Kathleen deLaski, founder of Education Design Lab, says digital badges “have gained a lot of traction quickly but to fulfill the promise that they will help articulate hirable skills, we need hiring managers to give clearer market signals to validate these as credentials.” Results from a study fielded among 1,000 technology hiring executives by iCIMS suggests corporate hiring professionals are sending those signals. The study found: 1) 80 percent of respondents “would offer tech job candidates the same salary regardless of whether they had a relevant tech degree”, 2) 61 percent say “a four-year college degree alone does not prepare job seekers to be successful in today’s workforce” and 3) 45 percent believe “in the next two years a coding boot camp certificate will be as meaningful a qualification for skilled technology degrees as a college degree.”

Scott Bittle, director of communications at Burning Glass Technologies, says digital badges address two problems: “one is that employers need a more precise way of determining whether potential hires have the skills they need and the second is these digital badge credentials can be earned in short training sessions, which are both quicker and cheaper than a traditional degree.”

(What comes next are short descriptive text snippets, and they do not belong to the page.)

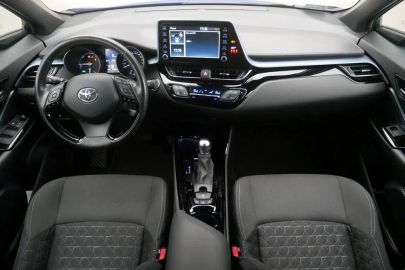 Car image 8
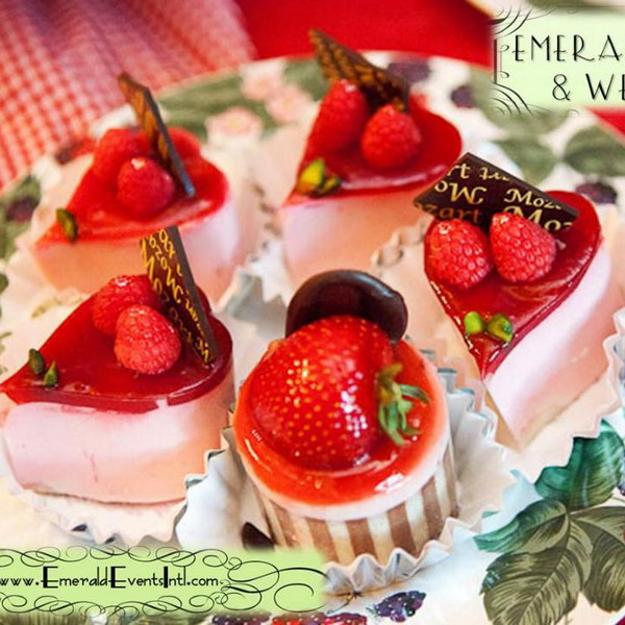 red white table setting strawberry accents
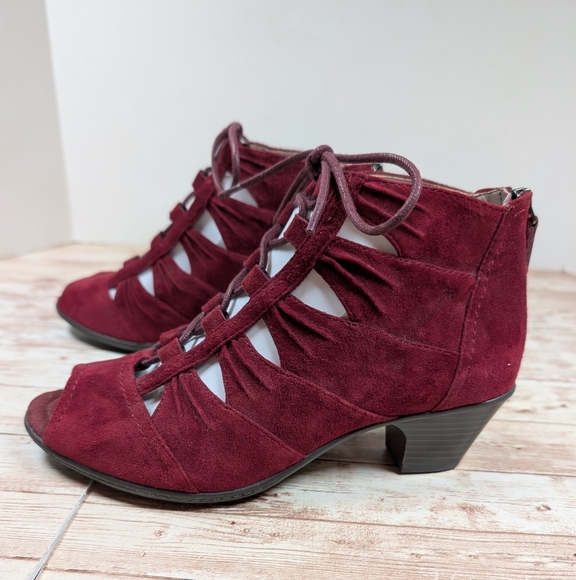 Earth Shoes - Earth Leather Peep Toe Dress Shoe Bootie Zip enclosure Women's Size 8.5 Burgundy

For chief information officers, there is much to like about digital badges. But there are also shortcomings. Most notably, the lack of industry standards for course quality or the amount of personal commitment a person must make to earn a digital badge. Dr. Roger Schank, founder of Experiential Teaching Online, and former chief education officer at Carnegie Mellon University, says “in the end credentials only mean what we think they mean; ‘I am a high school graduate’ used to mean something, now if you bragged about that you’d be laughed at. The real issue is what one has actually done and can be supported by any credential that means something to people. The future is digital credentials.”

The IDC Futurescape 2019 report also says over the next forty-eight months a digital tsunami of 500 million new applications will be created, a production level equal to the number of applications created over the past forty years! To make that prediction a reality, Frank Gens, chief analyst at International Data Corporation, says corporate cultures must change to a point where “everyone is considered a developer.” Embracing digital badges is a prudent way chief information officers, and their chief human resource officers colleagues, can hire, reskill and retain the best talent to build all those applications. And fill all those 900,000 open jobs.